Abstract art is now accepted to include other movements including Abstract Expressionism, Cubism and Neoplasticism.
It is universally recognized that a major pioneer in the field of abstract art was Wassily Kandinsky. He was born in Russia in 1866. His work “Picture with a Circle” which he painted in 1911, is recognized as one of the earliest examples of abstract art. This painting is seen as changing the course of art history. It was a first step towards the creation of the Abstract Art movement.
There are some who argue that Abstract Art goes back further than 1911 and Kandinsky. There are some who would say that Turner was in fact the father of the Abstract Art movement as his works featured a non-conventional use of scale and lightning. It is fair to say that most view Kandinsky as the definitive pioneer, not Turner.

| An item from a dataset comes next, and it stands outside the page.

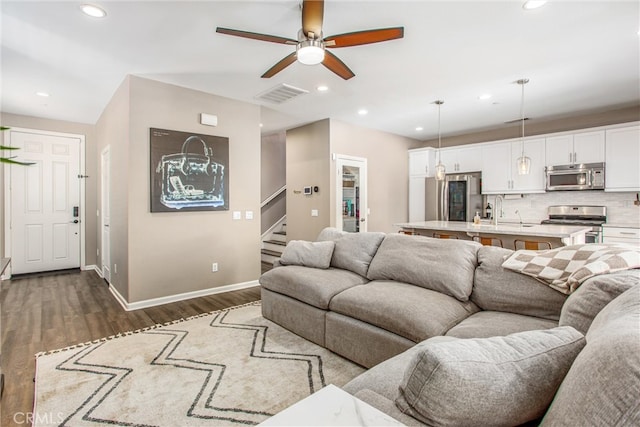 living area featuring visible vents, baseboards, recessed lighting, dark wood-style flooring, and stairs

Piet Mondrain was another very prominent figure in the Abstract Art movement. Like Kandinsky, he began with conventional figurative painting. He enjoyed commercial success with his conventional works, but wanted to explore the more abstract concepts. He moved from his native Holland to Paris in the early part of the twentieth century and was most particularly influenced by the works of Pablo Picasso. One of Mondrian’s most recognizable works is “Composition with Red Yellow and Blue” which he painted in 1927.
Abstract Expressionism began to emerge in New York during World War II. Prior to the start of the War the abstract at movement was predominantly centered in Paris. Many artists had fled Europe at the start of the Nazi occupation of Europe, and many came to settle in New York. Much of the inspiration was political, which of course is understandable at a time of such worldwide turmoil.
This new Abstract Expressionist movement started in New York City with artists who wanted to harness the power of abstract art to create a strong sense of expressive content. The most famous artists who were part of this early Abstract Expressionism included Jackson Pollok and Franz Kline, Arshille Gorky, Lee Krasner, Frank Kline, Willem de Kooning and Mark Rothko.
These artists paid homage to, and were very clearly influenced by, the well-known pioneers of abstract art such as Picasso, Kandinsky and Matisse.
The Abstract Expressionist artist often use unconventional materials in their work. They are also known for very large scale works of art. Whilst many of the works of this genre may at first sight seem to have taken little contemplation, in reality there is a very complex process which is involved in creating abstract art.